Human rights: Syrian government allows use of border crossing

human rights
Syrian government allows use of border crossing

A woman and her paralyzed child in Aleppo, Syria, are being housed in an emergency shelter after the recent earthquake. photo

© Anas Alkharboutli/dpa

Millions of people in Syria have been cut off from humanitarian aid because of a blockade in the UN Security Council. Now the most important border crossing from Turkey is to be reopened.

The Syrian government has withdrawn humanitarian aid from the Türkiye allowed again in rebel areas of the civil war country. Before that, millions of people had been cut off from new aid supplies from the United Nations since Monday after Russia vetoed an extension of aid supplies in the UN Security Council. On Thursday, Syrian Ambassador to the UN Bassam Sabbach wrote in a letter to the UN Security Council that Damascus had “taken the sovereign decision” to allow the UN to use the Bab al-Hawa border crossing.

The background is a year-long dispute over aid supplies. In 2014, the Security Council tasked UN agencies with delivering aid from neighboring countries to opposition-controlled parts of Syria without asking permission from the government in Damascus. Since 2018, Moscow, which supports ruler Bashar al-Assad in the Syrian civil war, has used its power in the Security Council to expand that mandate from four border crossings to one – at Bab al-Hawa – between Turkey and the rebel-held enclave of Idlib in the northwest to restrict.

Moscow blocks resolution

This week, Moscow blocked the nine-month extension of a resolution on the further opening of Bab al-Hawa in the Security Council. A counter-proposal by Moscow, which would have provided for an extension of six months, also failed.

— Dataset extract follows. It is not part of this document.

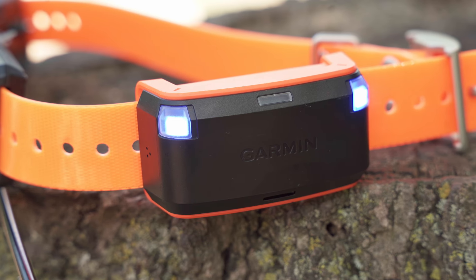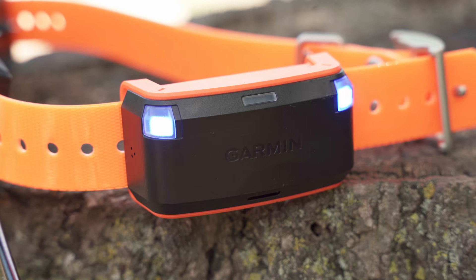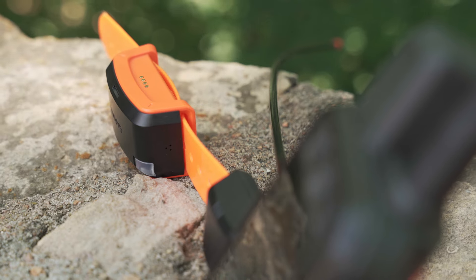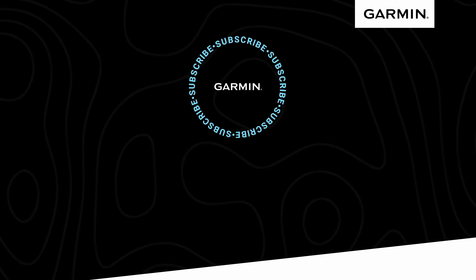If you want a rugged dog tracker that checks all the boxes for versatility, flexibility, and ease of use, then check out the Alpha LTE Cellular Dog Tracker. For more information on this or other Garmin dog tracking and training products, head on over to Garmin.com.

Syria’s President Al-Assad has tried to regain influence in rebel-held parts of the country by closing border crossings in the past. Much of the humanitarian aid for north-west Syria passes through Bab al-Hawa. According to the United Nations, 4.1 million people need support in this region of the civil war.

The permission for the aid deliveries is valid for six months, the letter from the Syrian UN ambassador said.

The Syrian government has thus made a strategic decision, said the human rights activist and Syrian opposition politician, Jasser Al-Farhan of the German Press Agency on Friday. “In this way, the (Syrian) regime is trying to clear its face in front of the world community,” he said. Above all, Syria wants to use the decision to emphasize the sovereignty and power of its own state.

A petition by opposition Syrian activists, lawyers and politicians said the announcement was just another attempt by the Syrian government to further demonstrate its power over millions of Syrians.

A civil war has been raging in Syria since 2011, which has claimed more than 350,000 lives. 13 million people were displaced within Syria or fled to other countries. The devastating earthquakes in February further aggravated the situation.